KUDU-3371 [fs] Use RocksDB to store LBM metadata #50

acelyc111 · 2023-02-20T07:33:36Z

Since LogBlockContainer store block records sequentially in metadata file, the live blocks maybe in a very low ratio, and it cause disk space wasting and long time bootstrap.

This patch use RocksDB to store LBM metadata, a new item will be Put() into RocksDB when a new block created in LBM, and the item will be Delete()d from RocksDB when the block removed from LBM. Data in RocksDB can be maintained in RocksDB itself, i.e. deleted items will be GCed so doesn't need rewriting as how we do it in current LBM.

The implemention also reuse most logic of LBM, the main difference is store Block records metadata in RocksDB.
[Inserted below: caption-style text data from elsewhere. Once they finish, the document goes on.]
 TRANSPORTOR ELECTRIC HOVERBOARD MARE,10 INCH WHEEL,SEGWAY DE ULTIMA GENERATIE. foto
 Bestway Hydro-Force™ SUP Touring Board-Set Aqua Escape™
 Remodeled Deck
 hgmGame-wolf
Make LogBlockManager as a super class
The former LBM that stores metadata in a append only file, is separeted from LBM and specified a new name LogfBlockManager. Its behavior has no change.
Introduce a new class LogrBlockManager that stores metadata in RocksDB, the main idea: a. Create container Data file is created as before, metadata is stored in keys prefixed by the container's id, append the block id, e.g. <container_id>.<block_id>. Make sure there is no such keys in RocksDB before this container created. b. Open container Make sure the data file is healthy. c. Deconstruct container If the container is dead (full and no live blocks), remove the data file, and clean up keys prefixed by the container's id. d. Load container (by ProcessRecords()) Iterate the RocksDB in the key range [<container_id>, <next_container_id>), only live block records will be populated, we can use them as before. e. Create blocks in a container Put() serialized BlockRecordPB records into RocksDB in batch, keys are in form of '<container_id>.<block_id>' as mentioned above. f. Remove blocks from a container Contruct the keys by container's id and block's id, Delete() them from RocksDB in batch.
Some refactors, such as create and delete blocks in batch to reduce lock consult times.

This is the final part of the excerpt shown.